2. The Law of Effort versus Result - Any price change is the result of an effort expressed by the security's traded volume. When there is consistency or harmony (i.e. a price change on increasing volume), the price movement will continue; when there is divergence or disharmony (a price change but on decreasing volume), the price movement will experience a reversal in direction.

3. The Law of Cause and Effect - Any price trend is due to the combined effort (or cause) in the market. The bigger the cause, the bigger the effect.

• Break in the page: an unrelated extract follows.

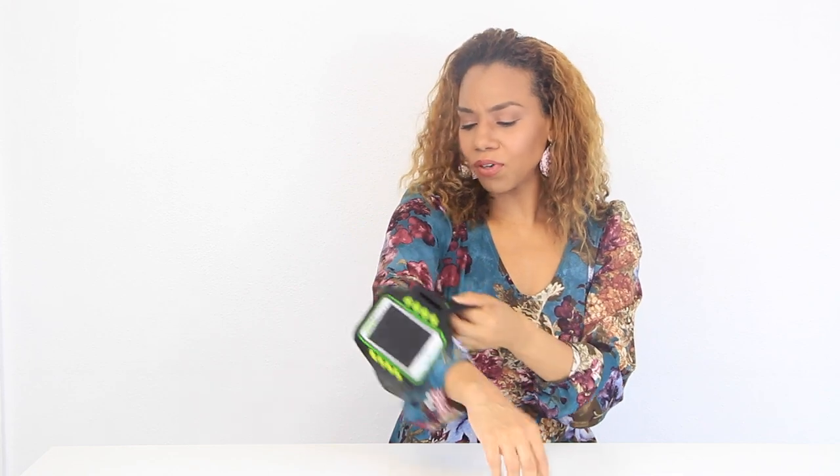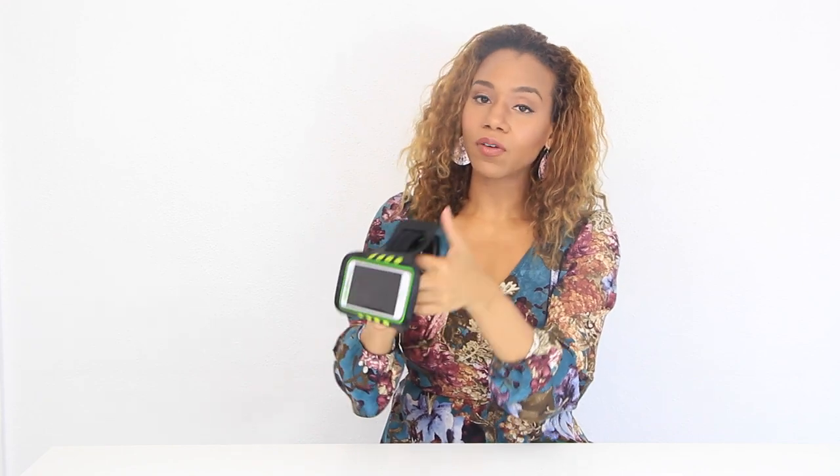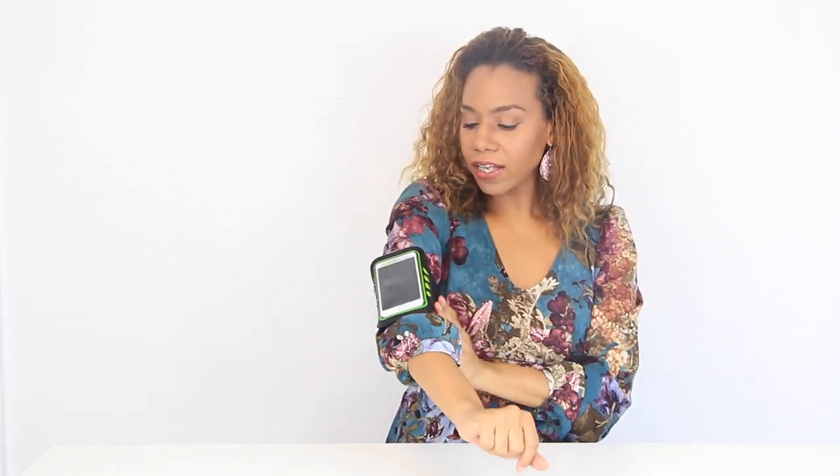I'm really bad at putting these things on, but basically you're going to put it through slot A and cross it over to slot B and pull it through. Then you can adjust it to the necessary size that you need. You can actually just slide it on your arm really easily, like so. Tighten it to your comfort level, and you've got the armband on. It's touchscreen through the plastic part, so you can easily control your music or anything that you need to continue your workout.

Wyckoff's Price Cycle describes the price movement in four phases: (a) accumulation, (b) markup, (c) distribution and (d) markdown. Any price movement up is preceded by the effort of financial institutions accumulating (buying) the stock. While the accumulation is ongoing, the price may trade sideways. When the supply eventually dwindles relative to the demand, the price will enter a markup phase (uptrend). As the price moves higher, there will come a point when the smart money starts to take profit (distribution). While the distribution is ongoing, the price may trade sideways. When supply eventually outstrips the demand, the price will enter a markdown phase (downtrend).

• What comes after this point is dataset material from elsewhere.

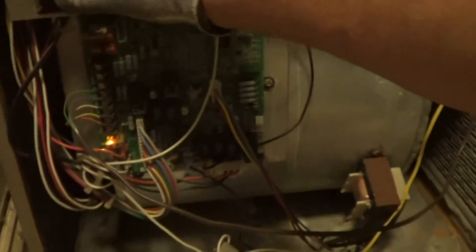Previously the motor was completely dead, even when energizing the green wire. Now the motor's come back to life on a simple repair.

Image by Every Penny from Pinterest

In a nutshell, to benefit from trading the market, one should always swim with the big fish. Wyckoff provided an analogy of the "Composite Man", as follows:

"…all the fluctuations in the market and in all the various stocks should be studied as if they were the result of one man’s operations. Let us call him the Composite Man, who, in theory, sits behind the scenes and manipulates the stocks to your disadvantage if you do not understand the game as he plays it; and to your great profit if you do understand it."

Wyckoff has a witty example on how the average person ought to react:

"Figuratively speaking, therefore the small trader should imagine himself as a hitch-hiker in the market. For the ordinary hitch-hiker, someone else supplies the car, chauffeur, oil and gas. When he thinks the car is about to go in his direction, he jumps aboard and rides as far as he thinks the car will go."
"When he notices the machine has been stopped by a red light, or is about to turn a corner and go in some other direction, or that the car is running out of gas, or the brakes failing to work properly, he steps off and figures he has secured about as long a ride as he may expect."
"All he has supplied in this transaction is a modest commission and whatever brains were necessary to observe and recognize the opportunity when to get on and off."

There are plenty of websites that provide examples of Wyckoff's Price Cycle in action, and how to trade profitably from it. You can Google for them if you are keen.

To me, Richard Wyckoff's trading strategy makes sense. However, my purpose for investing is to accumulate positions in healthy companies that can provide sustainable dividend income through the years. So I am not really motivated to churn my holdings as they fluctuate between accumulation and distribution. (There is no telling when I can buy them back at the same cost the moment I sold my holdings.)

That said, I do believe studying the stock price movement can help an investor, albeit indirectly. If a downtrend is developing, we can ask ourselves whether to buy at the current price, or wait a bit to acquire the stock at a lower entry level.

While we can never predict accurately the bottom on the right side of the chart, the possibility of saving a few cents can provide a little less angst and a little more return when compounded over the long run.